In [Williamson ], the officer had detained the defendant for a traffic violation and became suspicious about possible impairment. This Court held that the defendant driver’s possible impairment combined with the discovery of drugs on the passenger supported individualized suspicion sufficient to detain the defendant further for investigation into the possibility of the defendant’s possession of drugs.

Patterson, 2006-NMCA-037, ¶ 26, 139 N.M. 322, 131 P.3d 1286 (citation omitted). In the present case, Defendant was not individually suspected of any specific crime at the time he was seized, and was not even present at the start of the officer’s investigation of Mendoza.

{11} When Officer Marion was asked what his concern was when he grabbed Defendant’s arm to restrain him from walking away, he testified as follows:

First and foremost, my safety, the driver of the car, as well as Officer Scribner’s, our safety. I don’t — everything was happening pretty fast. We had one guy that tried to, if you will, ditch illegal narcotics. And then this guy, Mr. Rivas, trying to walk away or get a gun. I don’t know what he was trying to do. Or conceal narcotics on us.

Officer Marion testified, regarding the effect of the discovery of drugs near Mendoza, “People try to protect their drugs. Usually where there are drugs, we find guns.”

{12} This Court addressed the issue of officer safety in In re Jason L., 1999— NMCA-095, 127 N.M. 642, 985 P.2d 1222, rev’d by State v. Jason L., 2000-NMSC-018, 129 N.M. 119, 2 P.3d 856. There, we concluded that it was objectively reasonable for the officers to conduct a pat-down search of the defendant after finding two guns on his companion. In re Jason L., 1999-NMCA-095, ¶ 14, 127 N.M. 642, 985 P.2d 1222. Reversing, our Supreme Court stated: “Individualized, particularized suspicion is a prerequisite to a finding of reasonable suspicion, and the district court did not err in concluding that the State had not established individualized, particularized suspicion that [the defendant had committed or was about to commit a crime.” Jason L., 2000-NMSC-018, ¶ 22, 129 N.M. 119, 2 P.3d 856.

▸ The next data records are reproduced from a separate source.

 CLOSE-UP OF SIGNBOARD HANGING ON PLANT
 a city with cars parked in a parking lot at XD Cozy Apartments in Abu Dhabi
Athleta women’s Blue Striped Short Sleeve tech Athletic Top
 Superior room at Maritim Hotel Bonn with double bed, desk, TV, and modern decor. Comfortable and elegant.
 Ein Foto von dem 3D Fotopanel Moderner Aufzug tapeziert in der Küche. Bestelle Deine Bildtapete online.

{13} In the present case, the circumstances regarding officer safety are less compelling than in Jason L. Here, there was no testimony supporting the likely presence of weapons other than the officer’s bare assertion that “[u]sually where there are drugs, we find guns.” The parties did not ask the officer whether this was true even in the case of possession of a small quantity of marijuana, as was found here, as opposed to trafficking scenarios involving large quantities of drugs. We observe that in Patterson, companions of both defendants were found to possess drugs before the defendants were searched, and this did not lead to an automatic conclusion that the searches were justified because guns were likely to be present. Even if Officer Marion’s assertion could be shown to be generally true, it does not amount to individualized suspicion that Defendant, on whom drugs had not yet been found, had committed or was about to commit a crime.

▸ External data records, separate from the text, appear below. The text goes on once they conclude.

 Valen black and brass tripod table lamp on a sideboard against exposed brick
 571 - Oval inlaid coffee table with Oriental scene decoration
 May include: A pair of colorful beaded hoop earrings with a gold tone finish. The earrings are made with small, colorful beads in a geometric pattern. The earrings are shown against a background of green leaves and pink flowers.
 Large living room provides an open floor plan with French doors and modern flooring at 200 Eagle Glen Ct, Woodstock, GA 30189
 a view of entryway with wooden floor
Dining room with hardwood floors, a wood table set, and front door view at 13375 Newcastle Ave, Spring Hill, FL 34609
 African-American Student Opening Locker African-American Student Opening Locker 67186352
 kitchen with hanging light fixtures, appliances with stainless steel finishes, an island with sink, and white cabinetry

{14} We decline the State’s invitation to follow State v. Watkins, 207 Ariz. 562, 88 P.3d 1174 (Ct.App.2004), which held that a person, not himself suspected of any crime, could be properly detained as a witness to the crimes of another person. Id. at 1178. In the present case, there was no testimony at the suppression hearing that the officer’s detention of Defendant was in any way motivated by his status as a potential witness to Mendoza’s offenses, nor did the district judge mention this possibility in his written decision on the motion to suppress. Further, as Defendant points out in his reply brief, courts that have allowed detention of witnesses on this basis appear to limit it to situations where there are elements of a violent crime and exigent circumstances. See, e.g., id. at 1179 (holding that witness to encounter between victim and persons who had burglarized her residence and assaulted her was properly detained shortly after the incident when victim and investigating officers encountered him on the street); see also Williamson v. United States, 607 A.2d 471, 473 (D.C.1992) (approving officer’s stop of vehicle after the officer heard gunshots and believed its occupants to be either witnesses or participants). In the present ease, neither violence nor exigent circumstances were involved.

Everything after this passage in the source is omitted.